А мечтать о катаклизмах не советую.
– Для меня только одно остается неразрешимой загадкой: ведь двадцать лет назад перестройку восторженно приветствовал тот же самый народ…
– Читайте Шатобриана – и мысль об исключительности русской ситуации покажется вам смешной. Шатобриан пишет, как после краха Наполеона все его соседи вмиг стали монархистами. И, приветствуя союзников, вывесили вместо флагов простыни с лилиями (разграбив для этого бельевую его жены!) Весь Париж был покрыт монархическими флагами.
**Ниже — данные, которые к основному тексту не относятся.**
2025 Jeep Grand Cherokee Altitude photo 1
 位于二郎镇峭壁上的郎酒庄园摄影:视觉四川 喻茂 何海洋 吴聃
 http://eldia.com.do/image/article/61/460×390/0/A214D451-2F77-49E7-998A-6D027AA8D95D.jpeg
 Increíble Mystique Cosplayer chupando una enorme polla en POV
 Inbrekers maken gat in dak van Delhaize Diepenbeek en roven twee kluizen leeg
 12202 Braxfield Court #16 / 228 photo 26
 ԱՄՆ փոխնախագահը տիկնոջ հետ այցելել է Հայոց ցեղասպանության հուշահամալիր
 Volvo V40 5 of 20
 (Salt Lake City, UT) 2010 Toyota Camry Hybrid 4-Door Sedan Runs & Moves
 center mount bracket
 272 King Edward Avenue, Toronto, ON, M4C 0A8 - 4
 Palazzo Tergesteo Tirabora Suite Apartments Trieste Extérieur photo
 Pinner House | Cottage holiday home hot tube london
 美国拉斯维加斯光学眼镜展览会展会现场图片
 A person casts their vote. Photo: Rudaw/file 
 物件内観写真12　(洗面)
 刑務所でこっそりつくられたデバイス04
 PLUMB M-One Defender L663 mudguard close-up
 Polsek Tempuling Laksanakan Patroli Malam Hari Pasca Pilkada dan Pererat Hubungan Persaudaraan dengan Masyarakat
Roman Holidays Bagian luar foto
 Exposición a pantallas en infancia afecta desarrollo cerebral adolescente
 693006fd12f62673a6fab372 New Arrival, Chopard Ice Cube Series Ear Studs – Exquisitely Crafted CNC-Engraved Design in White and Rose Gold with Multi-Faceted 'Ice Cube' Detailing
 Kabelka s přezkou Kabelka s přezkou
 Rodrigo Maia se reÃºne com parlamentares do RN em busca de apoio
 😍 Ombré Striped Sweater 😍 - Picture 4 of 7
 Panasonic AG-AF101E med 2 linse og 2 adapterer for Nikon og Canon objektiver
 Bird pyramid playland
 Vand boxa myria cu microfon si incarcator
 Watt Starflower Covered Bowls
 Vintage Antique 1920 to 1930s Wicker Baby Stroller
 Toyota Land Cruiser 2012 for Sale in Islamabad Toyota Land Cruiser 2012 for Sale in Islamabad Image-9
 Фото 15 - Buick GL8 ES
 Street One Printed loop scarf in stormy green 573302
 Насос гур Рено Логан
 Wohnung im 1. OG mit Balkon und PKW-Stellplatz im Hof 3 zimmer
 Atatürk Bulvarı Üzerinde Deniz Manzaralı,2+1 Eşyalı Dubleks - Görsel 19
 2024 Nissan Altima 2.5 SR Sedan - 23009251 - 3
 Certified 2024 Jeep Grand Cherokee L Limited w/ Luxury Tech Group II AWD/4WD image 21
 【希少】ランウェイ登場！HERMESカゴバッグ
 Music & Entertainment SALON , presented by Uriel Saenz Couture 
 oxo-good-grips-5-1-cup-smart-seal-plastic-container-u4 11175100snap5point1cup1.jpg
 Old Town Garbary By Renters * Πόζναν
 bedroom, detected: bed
Началась всеобщая, безудержная народная любовь к монархии. Правда, оставалось загадкой – кто мочил платки в крови королевы? Как будто народ не своими руками все это делал! Но время шло – и дальше случилось неприятное. Гражданам надоело слышать об ужасах прошлого, и подросшая молодежь вообще не верила, что все это было…. История умирала на глазах, уроки ее подергивались дымкой, палачи и жертвы перемешались…
И уже вскоре Шатобриан услышал голоса, столь сходные с голосами вчерашних якобинцев. Он страшно боялся повторения всего этого, но во Франции, к счастью, одного опыта хватило. И сейчас я надеюсь, что Россия не воспроизведет прежний сюжет. Хотя Бердяев сказал очень опасную фразу. О том, что у нас в России, к сожалению, интерес к распределению и уравнению всегда выше интереса к творчеству и созиданию. Да, воля к непрерывному переделу у нас действительно больше, чем к делу.
– Я слышал в этом году цикл ваших телерассказов о гибели царской семьи – к 90-летию екатеринбургского расстрела – и не мог понять, действительно ли вы не изменили отношения к последнему русскому царю.
– Я по-прежнему ужасаюсь его трагедии и восхищаюсь многими человеческими чертами, но если по-человечески он мученик, то в политическом смысле зачастую виновник, и об этом я говорю тоже. Просто первая книга о Николае была не об этом. Она о том, как цареубийство, лежавшее в фундаменте большевистской истории, эту историю обрекало с самого начала. «Дом, построенный на крови, стоит на песке». А говоря о последних годах империи, в книге о Распутине я оцениваю Николая достаточно трезво, и это стало одной из причин, по которой «Распутин» – в отличие от книги о Николае – не стал бестселлером в Европе. Люди неохотно расстаются со стереотипами – им нужен царь-мученик и таежный демон при нем. А Распутин – вот в чем штука – тоже не так прост, и если б кое-какие его слова были услышаны – например, совет «поделиться с народишком» или «У нас левые дураки, а правые идиоты, ты, мамаша (императрица), держись посередке», – глядишь, все пошло бы не так катастрофично.
– Можно ли ждать вашего возвращения в театр?
– Сейчас в Театре имени Моссовета репетируется моя пьеса «Палач». Впрочем, мое телевидение и есть в некотором смысле театр одного актера. Пока на мое право говорить на ТВ все, что я хочу сказать, никто не посягает; начнутся ограничения – вернусь в театр… Но писать не брошу ни в каком случае, потому что литература – наркотик, без нее все остальное не имеет смысла. Кстати, она хороша и для того, чтобы не слишком опасаться бед. Никакие кризисы не отнимут у меня ручку. Это единственное, без чего не смогу обходиться.